Source: Shutterstock
Source: Shutterstock

Posted: March 14, 2016 | By: Roger Stewart


The Government Auditing Office (GAO) Study of leading companies [6] found that “software developers and acquirers all use three fundamental management strategies to ensure the delivery of high-quality products that are on time and within budget:

  1. Working in an evolutionary environment,
  2. Following disciplined development processes,
  3. Collecting and analyzing meaningful metrics to measure progress.”


Figure 2: Enablers for Outcome-Based Acquisition

These management strategies also form the basis of the DoD’s Data and Analysis Center for Software (DACS) Gold Standard for Software Acquisition [7].

The availability of 1) the 2008 updated Inspection Standard, 2) Computerized Inspection tools in 2009, 3) the Inspection Compliance Matrix in 2010 along with mitigation of the ten most common  Inspection pitfalls in 2007 now provide the capabilities to implement Outcome-Based Acquisition (figure 2).

We will examine these capabilities and see how they converge to provide an auditable and actionable outcome-based acquisition process for delivering high quality products on time and within budget.

1) IEEE Inspection Standard 1028™-2008 (Section 6) [3]

The management strategy of having a disciplined development process – is satisfied by the latest IEEE Inspection Standard which was updated and released in August 2008. The standard specifies formal software Inspections in enhanced and verifiable processes, guidelines, and measurements.

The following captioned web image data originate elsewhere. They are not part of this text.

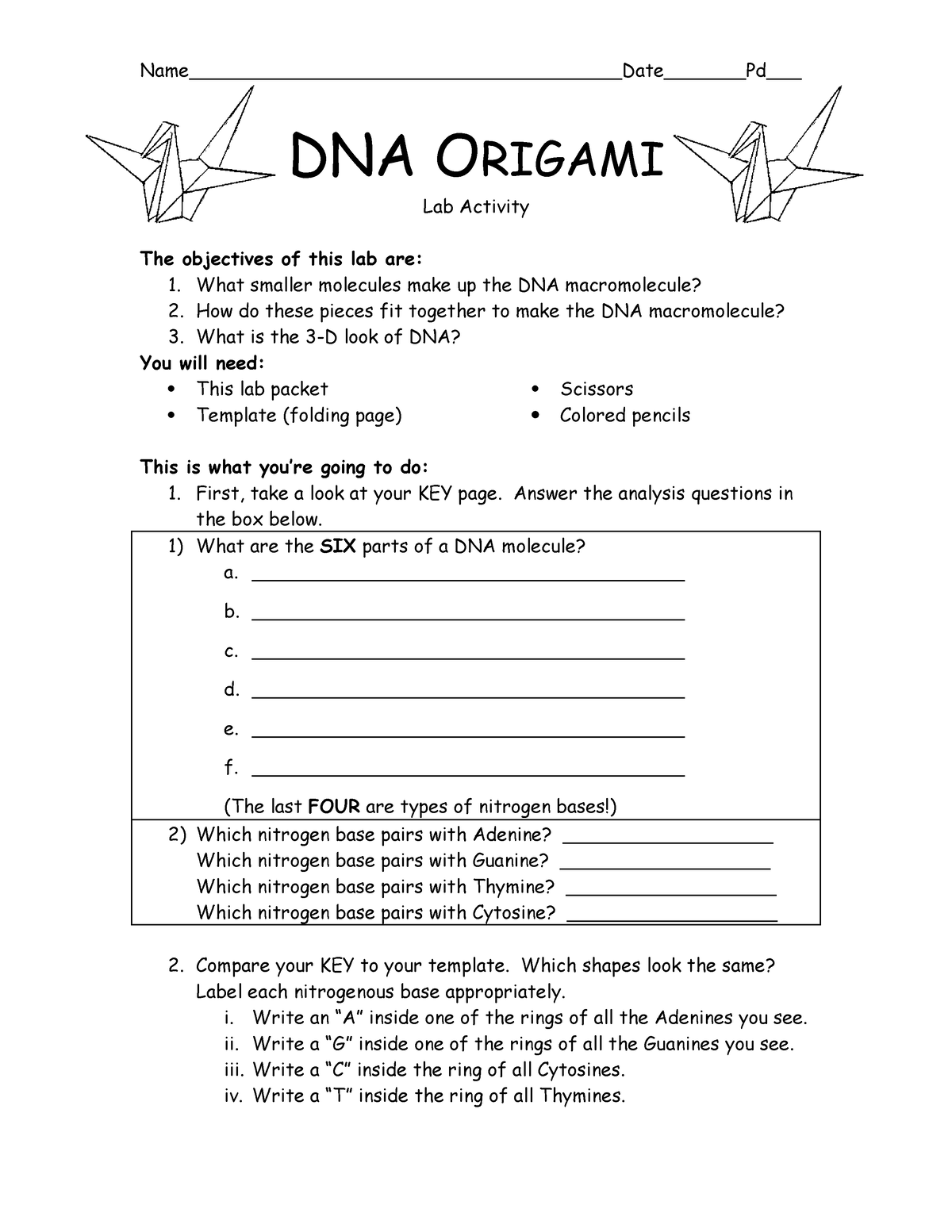 Dna Origami Student Worksheet - Name 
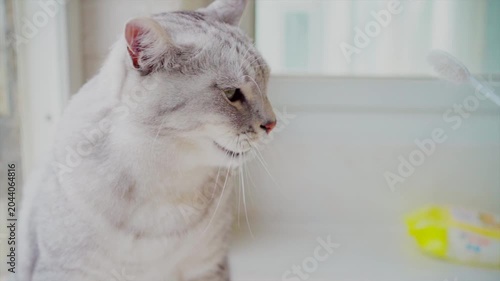 Close Up of White and Gray Domestic Cat Indoors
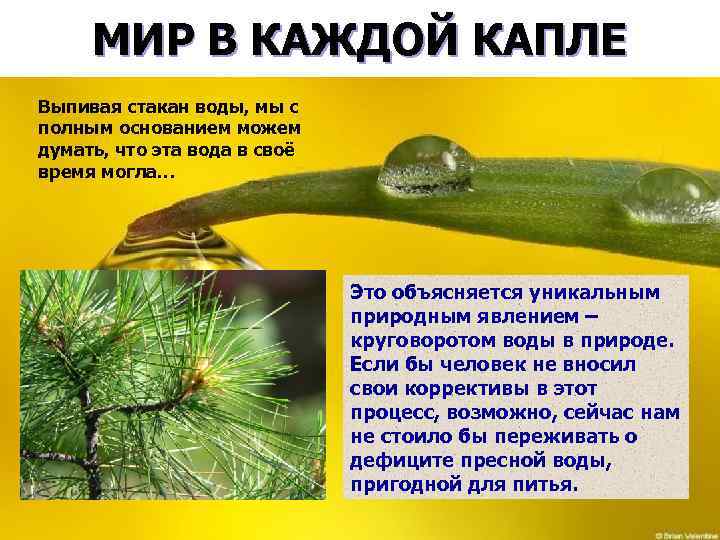 МИР В КАЖДОЙ КАПЛЕ Выпивая стакан воды, мы с полным основанием можем думать, что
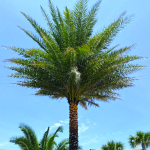 Sylvester Palm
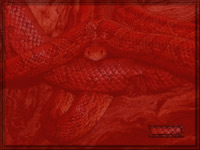 Cornsnake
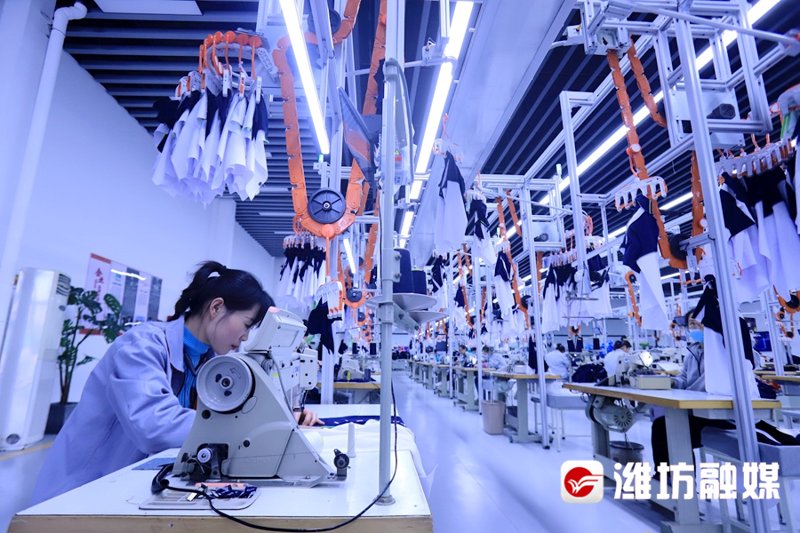 涤棉坯布行业动态探析:从设计到市场的全方位解读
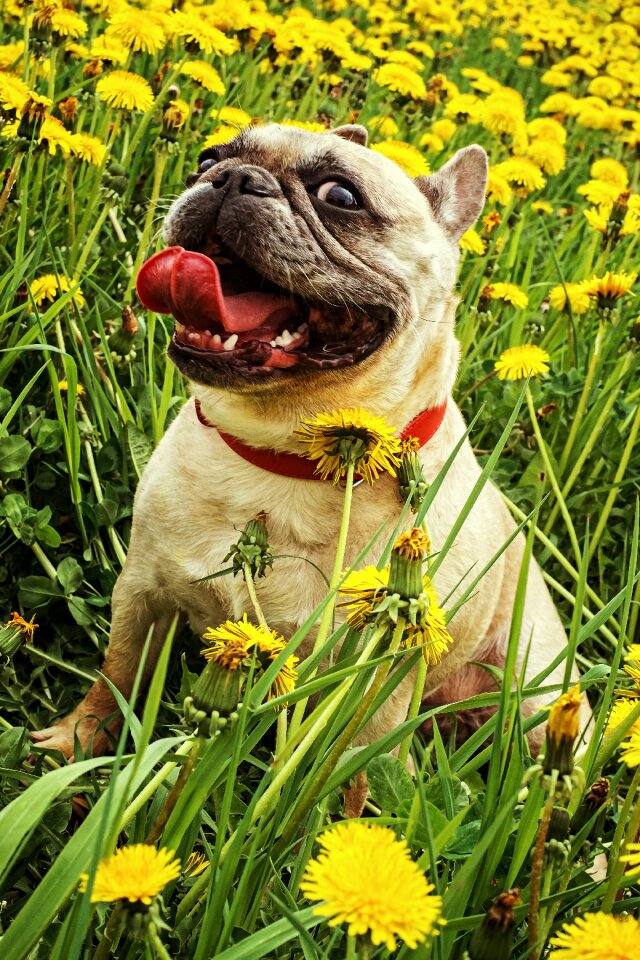 Greens yellow living nature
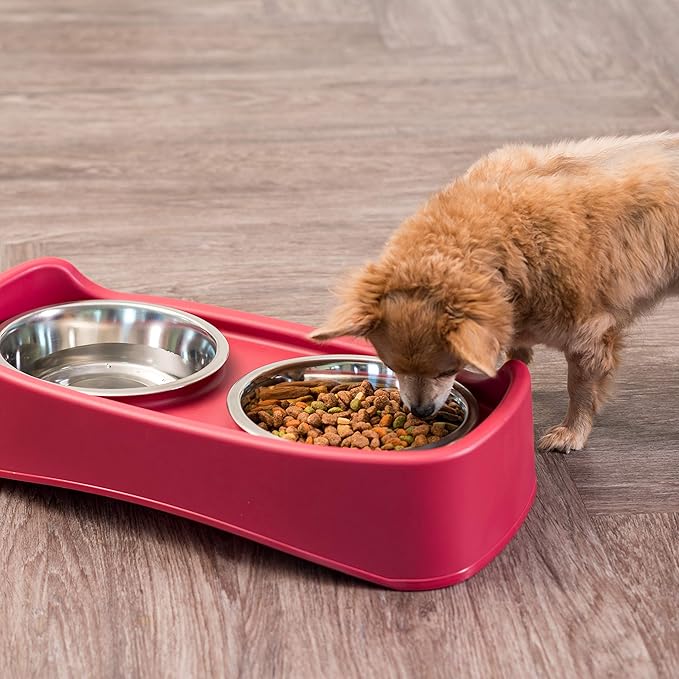 IRIS USA Elevated Dog Bowls Adjustable Stand, Raised Feeding Station with 2 Stainless Steel 64 oz Bowls, Spill Guard, Dual Height 12.25" or 4.63", Made in USA, Red
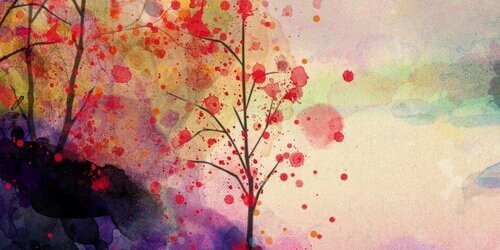 fida_baristella's profile banner image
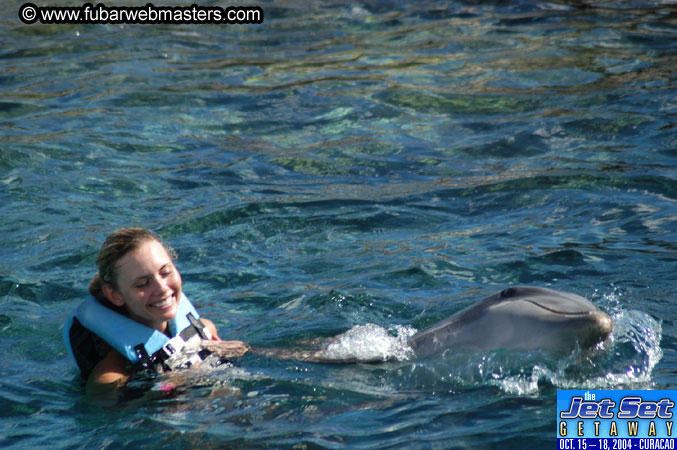 Sunday's Dolphin Swim Adventure and Animal Encounter 2004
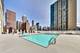 1122 N Clark Unit 2404, Chicago, IL 60610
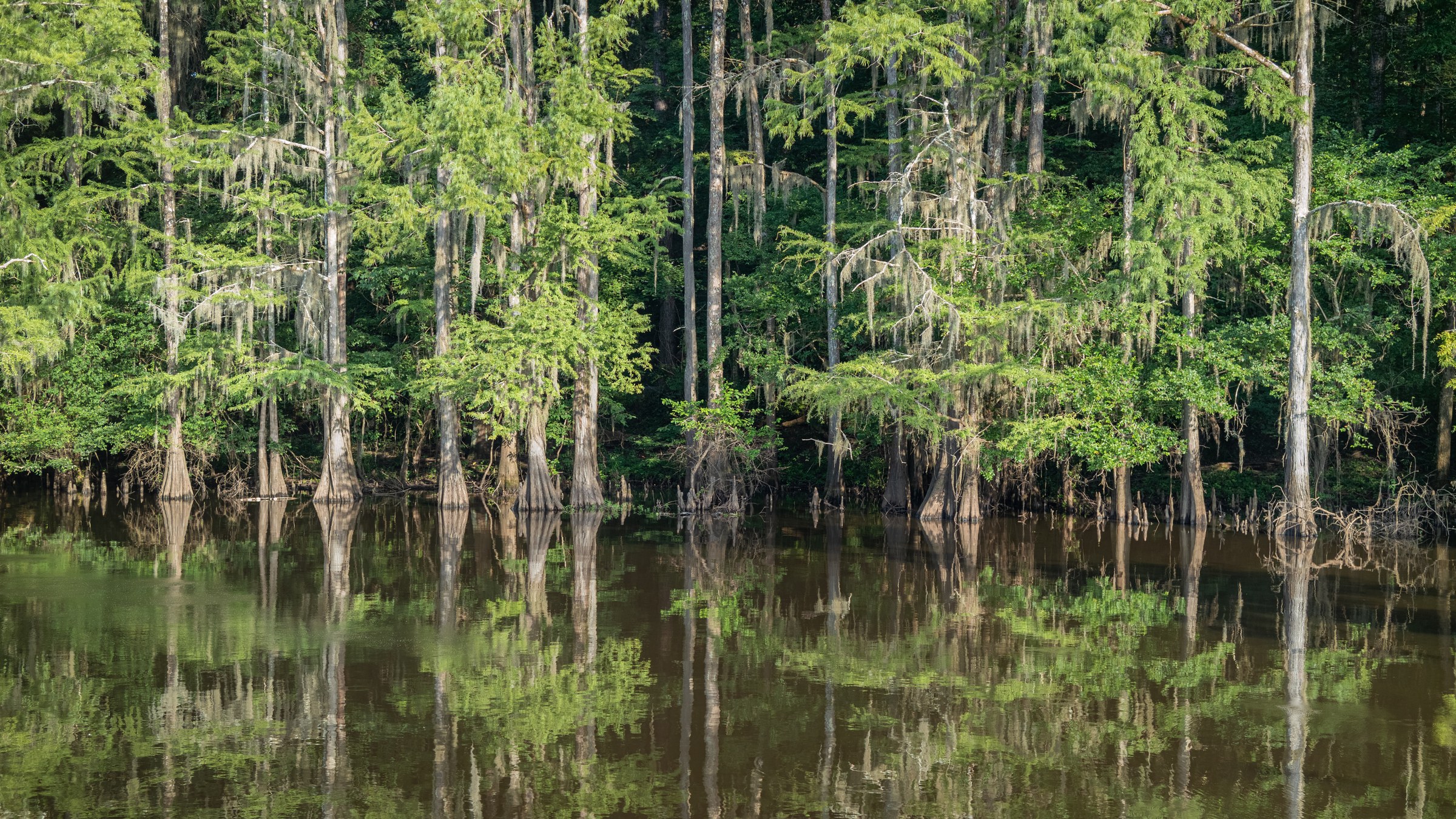 Caddo Lake (Texas/Louisiana Bayou)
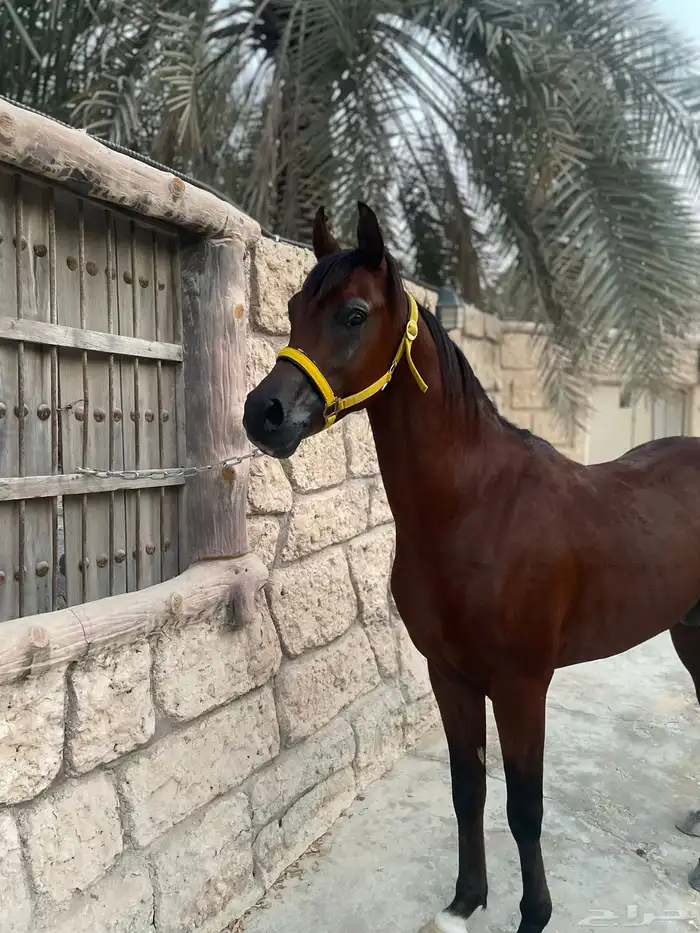 حصان واهو ولد كنز البداير 0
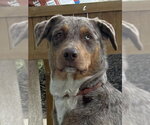 Ava (Courtesy Post) - Female Border-Aussie Dog for Adoption - Small photo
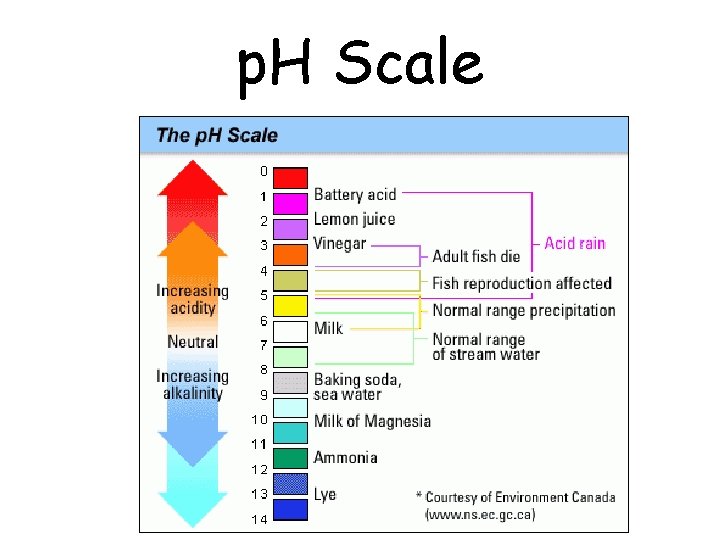 p. H Scale p. H Scale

Before continuing, we need to understand the role of Process Assessments (e.g., CMM®, CMMI®).  A report of the Defense Science Board [8] observed that “Process Assessments by themselves do not examine the outputs of any development effort and are therefore silent with respect to the quality attributes of any particular product. A positive Process Assessment finding lowers the risk that an organization will produce a low quality product but the [actual] quality of the product itself must be assessed usingother methods.”

It is well established that the most effective Product Assessment method available is formal Inspections. Inspections are used to examine work products, such as requirements, design, and code, during development. “The data in support of the quality, cost, and schedule impact of [formal] Inspections is overwhelming. They are an indispensable part of engineering high-quality software” [9].  And formal Inspections are also a DACS Software Acquisition Gold Practice [10].  Inspections complying with the 2008 updated Inspection Standard are the most rigorous and effective means of ‘peer review’, a generic phrase representing a wide variety of review techniques and resulting effectiveness.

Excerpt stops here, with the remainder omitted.